The entries below contain pictures, which are to be left out; write out exactly, and only, the lines from the line with "Александр Хомяков - Нищеты" up to and including the line with "Optovka Z (Chicherina".

─── Provided records ───

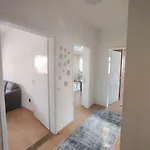 Panorama Sky -11 Min By Walk To Old Town - Free Parking *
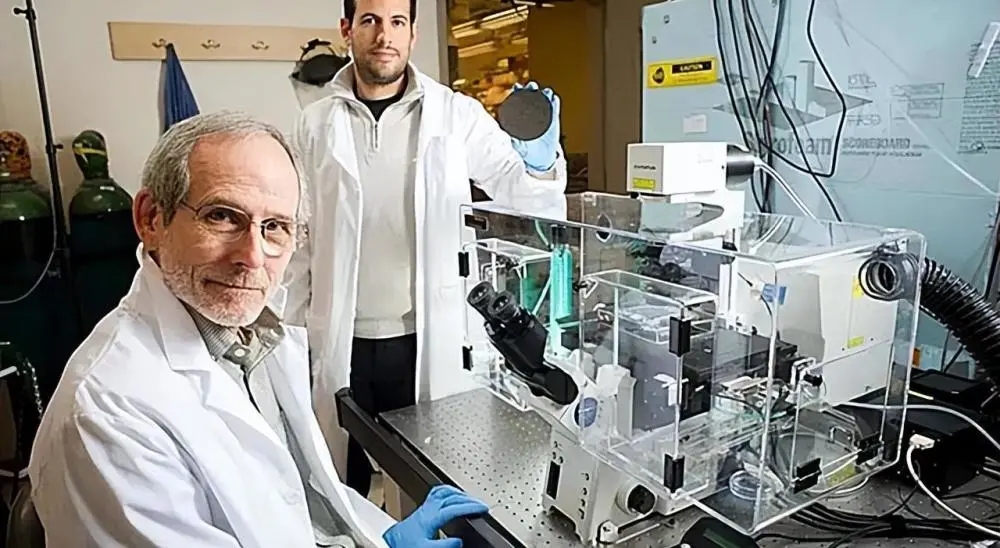 美国为什么要订购中国的c919,美国花300亿买半导体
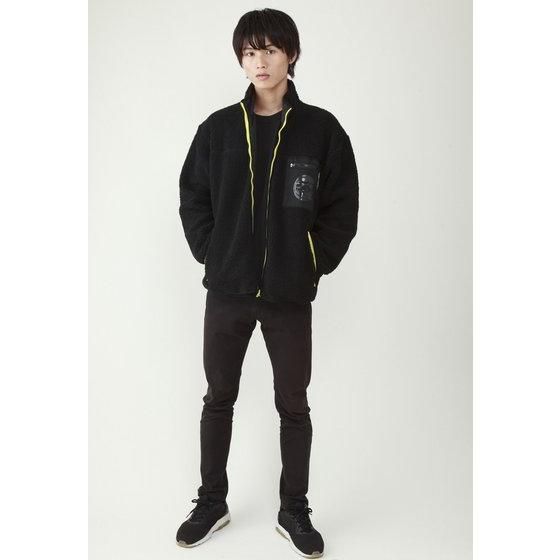 ���ʃ��C�_�[�[�������@���������u���]��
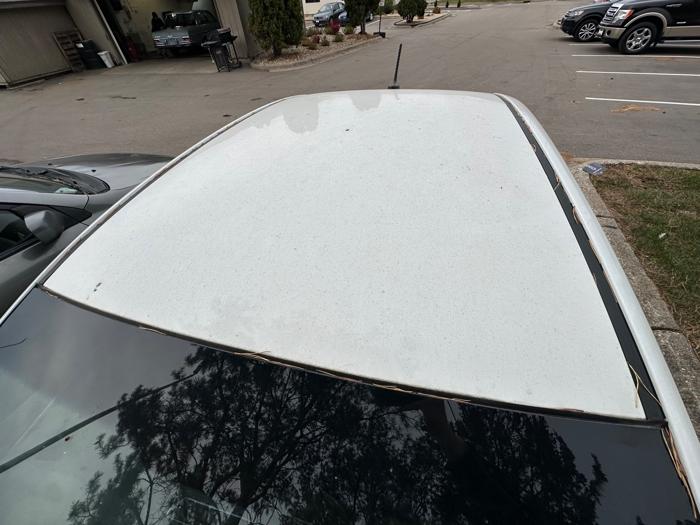 2017 kia rio lx-6a with 220888 miles for sale near burnsville, minnesota 05b64eb80ad94c2eba6e045521108d3c.jpeg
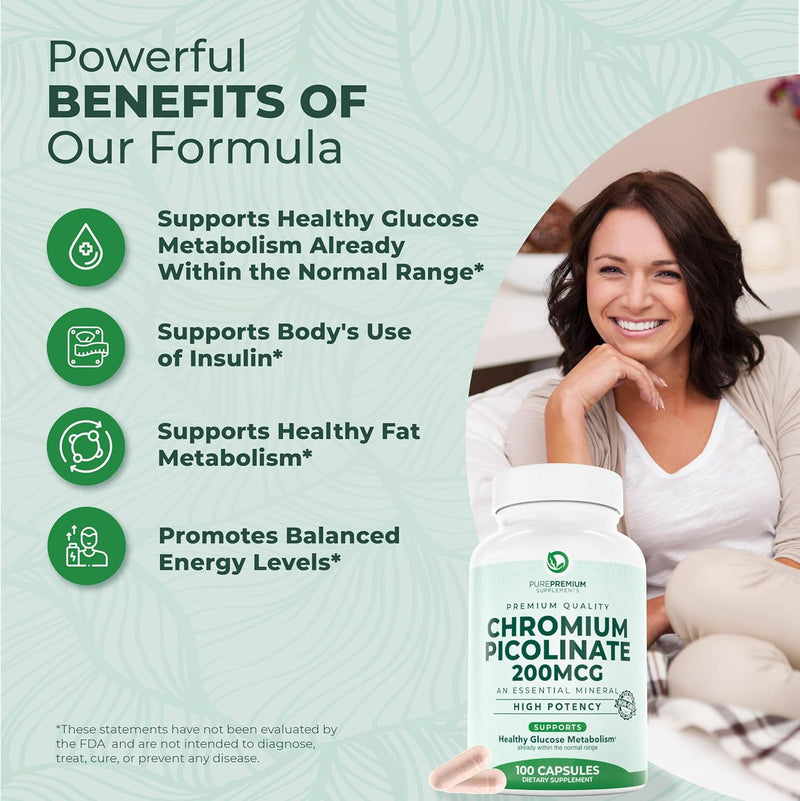 purepremium-chromium-picolinate-200mcg---high-pote-3.jpg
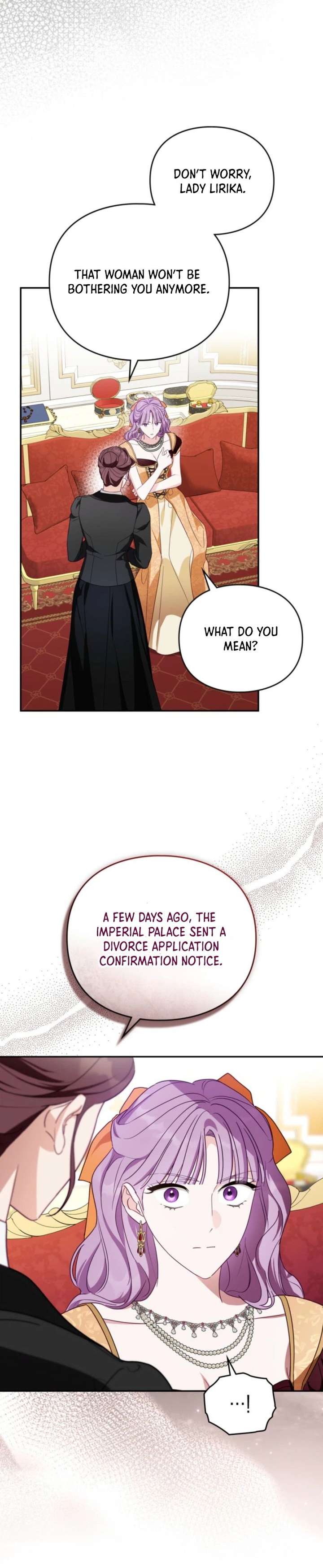 ch 5 24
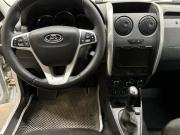Lada (ВАЗ) Largus I Саратов  - изображение 22
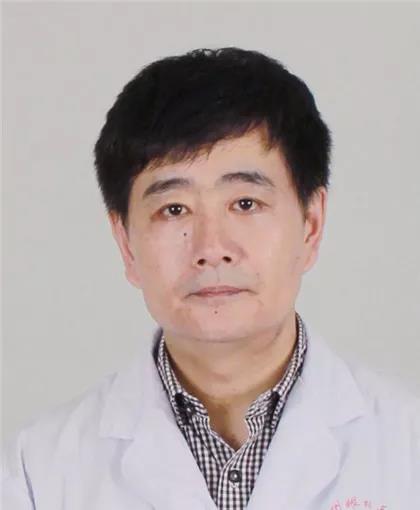 福州眼科医院李谦益主任:发现眼眶肿瘤该怎么办?.jpg 福州眼科医院李谦益主任:发现眼眶肿瘤该怎么办?.jpg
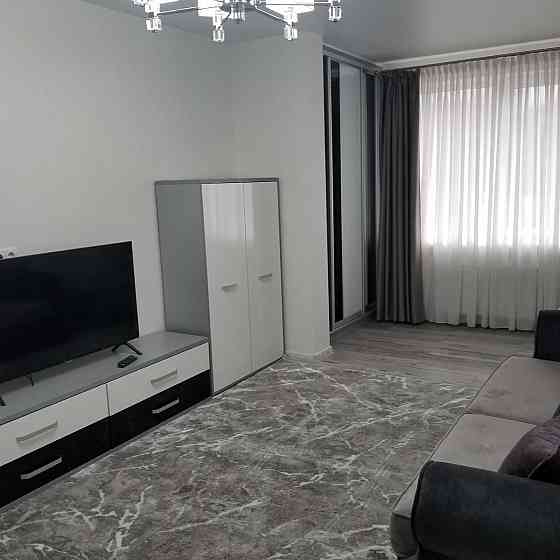 Оренда 2-х кім. квартири по вул. Малоголосківська, (пр. Чорновола) Львів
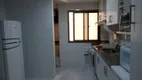 Foto 14 de Apartamento com 3 Quartos à venda, 119m² em Praia da Costa, Vila Velha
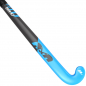 Preview: TK MAXI JUNIOR INDOOR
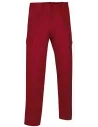 PANTALON CASTER VALENTO PAVACAS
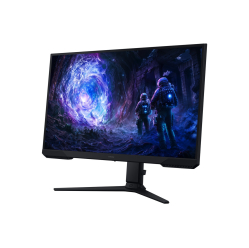 Samsung LS27FG510EUXEN 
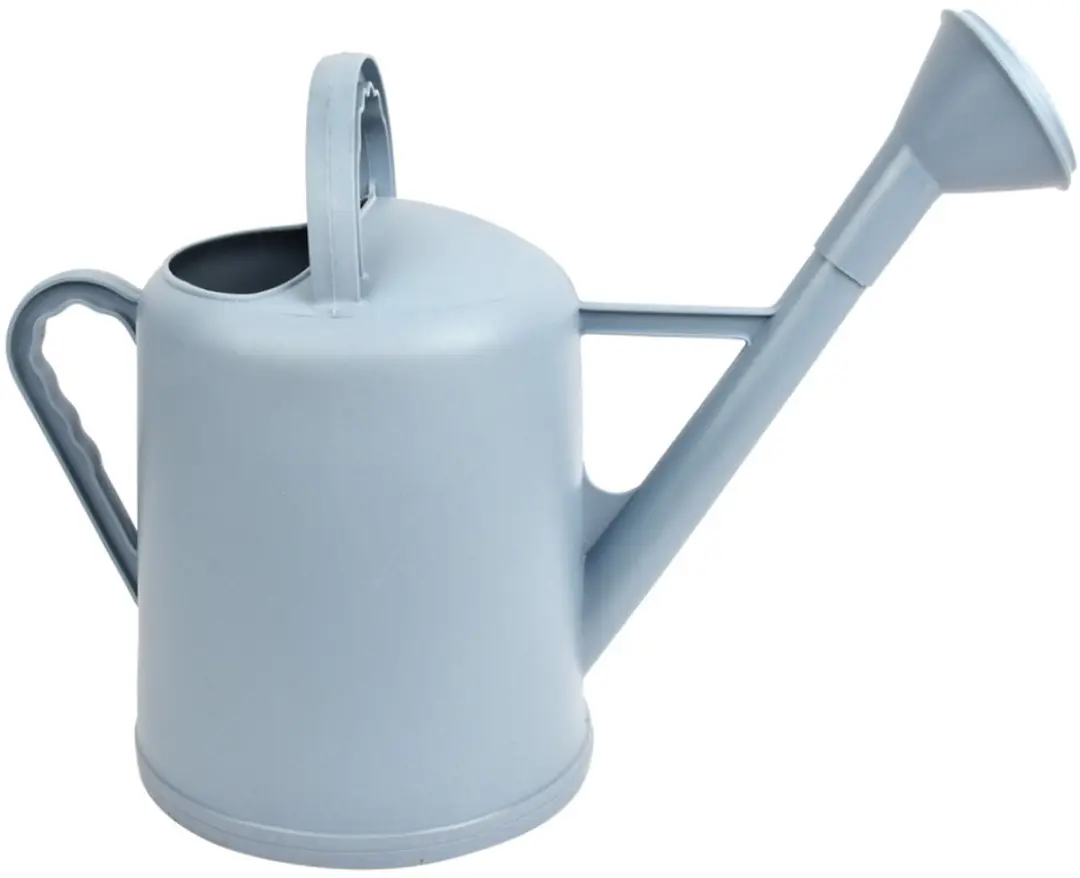 Esschert Design Gieter 10L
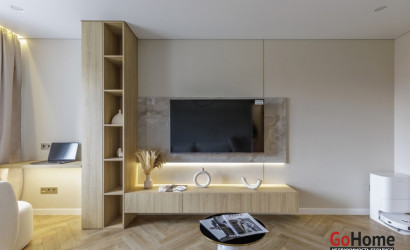 Купить 3-комнатную квартиру, Гродно, Кремко, 8. Фото 10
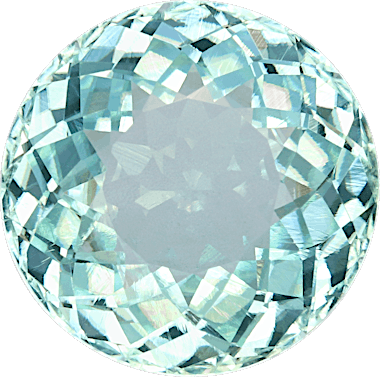 PA1747 JewelryReady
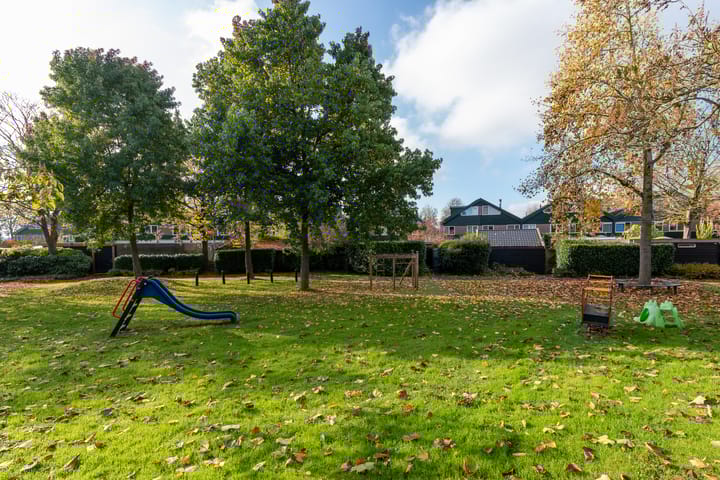 Photo 53 of Klaverkamp 14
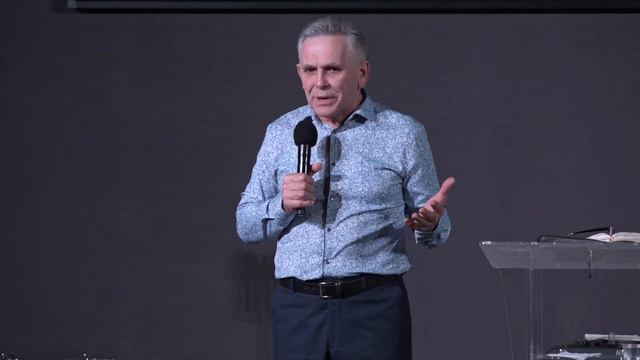 Александр Хомяков - Нищеты и богатства не давай мне (26.02.2023) смотреть онлайн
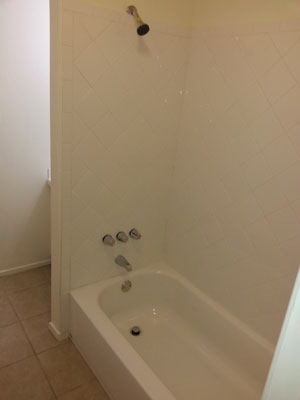 Hall-Tub-n-Tile400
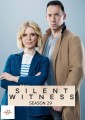 Silent Witness - Complete Season 29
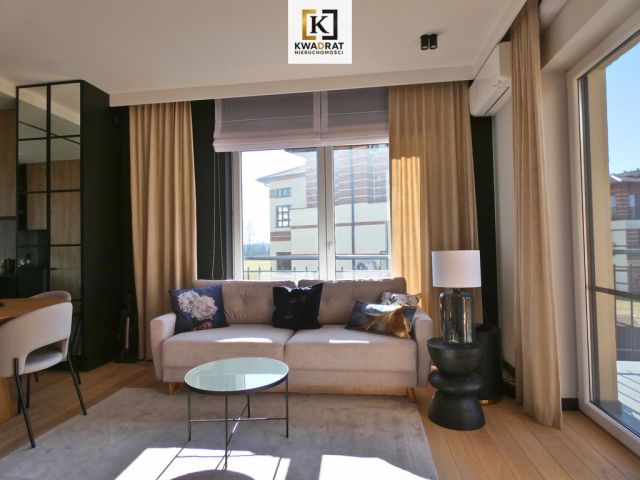 Mieszkanie 2-pokojowe Sobienie Szlacheckie. Zdjęcie 8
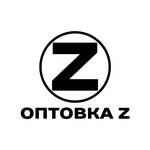 Optovka Z (Chicherina Street, 2В), military uniform
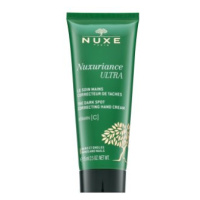 Nuxe Nuxuriance Ultra krém na ruce The Dark Spot Correcting Hand Cream 75 ml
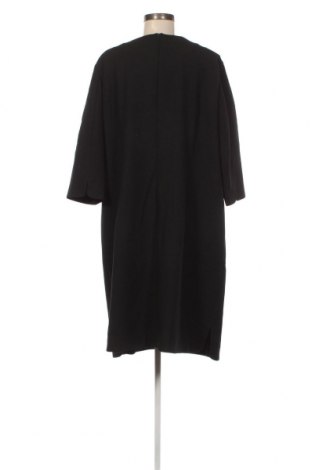 Rochie Walbusch, Mărime XXL, Culoare Negru, Preț 202,31 Lei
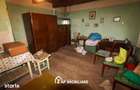 Unirii - Zona Darina - Casa 4 camere - Teren 691 mp cu deschidere 26 m - 6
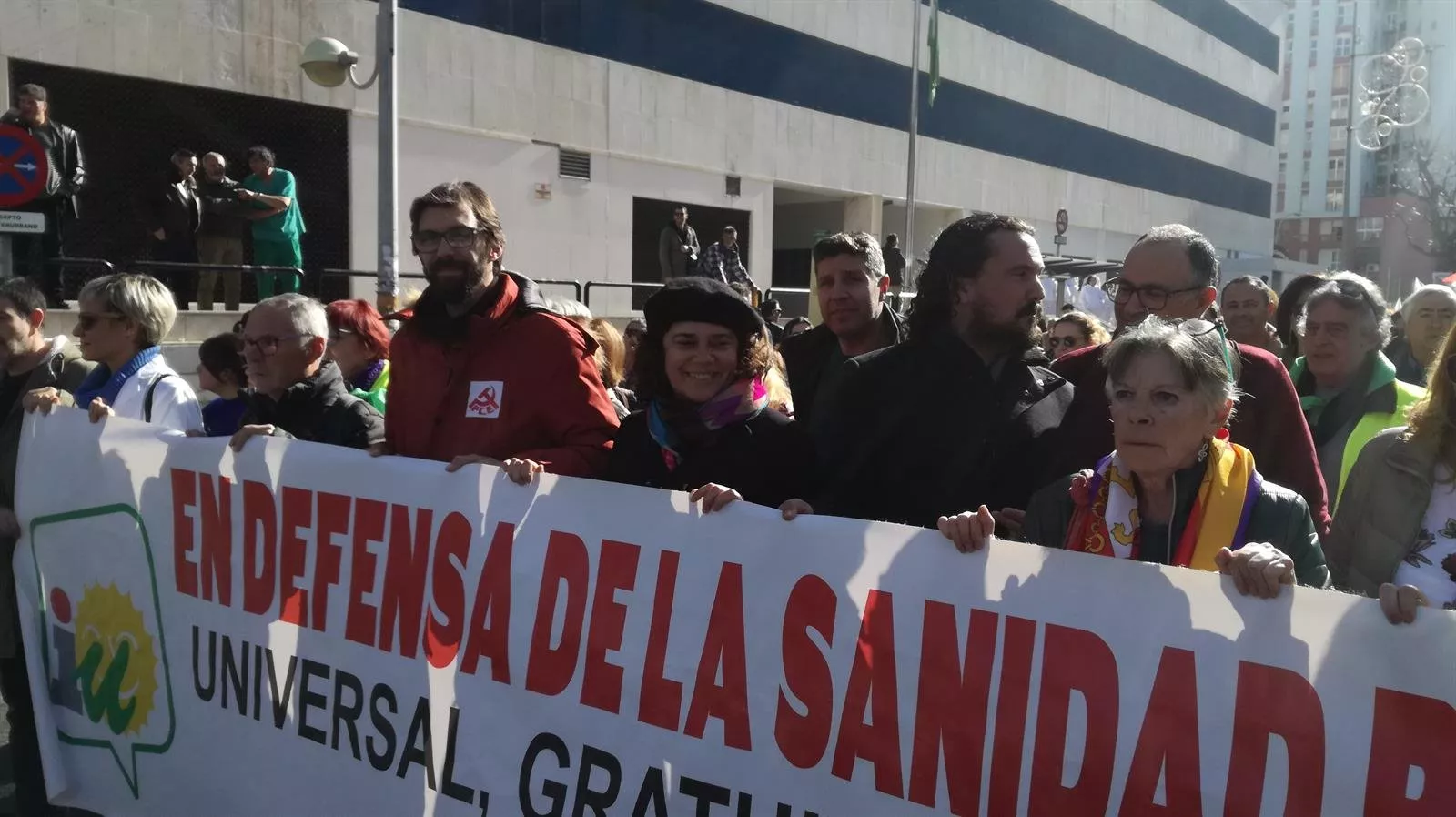 Archivo noticias cadiz IU Dipu.jpg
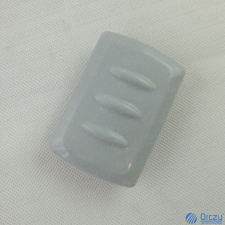 Gorenje-Mora Közdarab, italadagoló lapát (eredeti) GORENJE/MORA hűtőgép beépíthető gépek kiegészítői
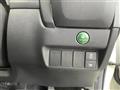 2013 Honda Fit Hybrid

───

■ **Answer to the exercise**:
 Александр Хомяков - Нищеты и богатства не давай мне (26.02.2023) смотреть онлайн
 Hall-Tub-n-Tile400
 Silent Witness - Complete Season 29
 Mieszkanie 2-pokojowe Sobienie Szlacheckie. Zdjęcie 8
 Optovka Z (Chicherina Street, 2В), military uniform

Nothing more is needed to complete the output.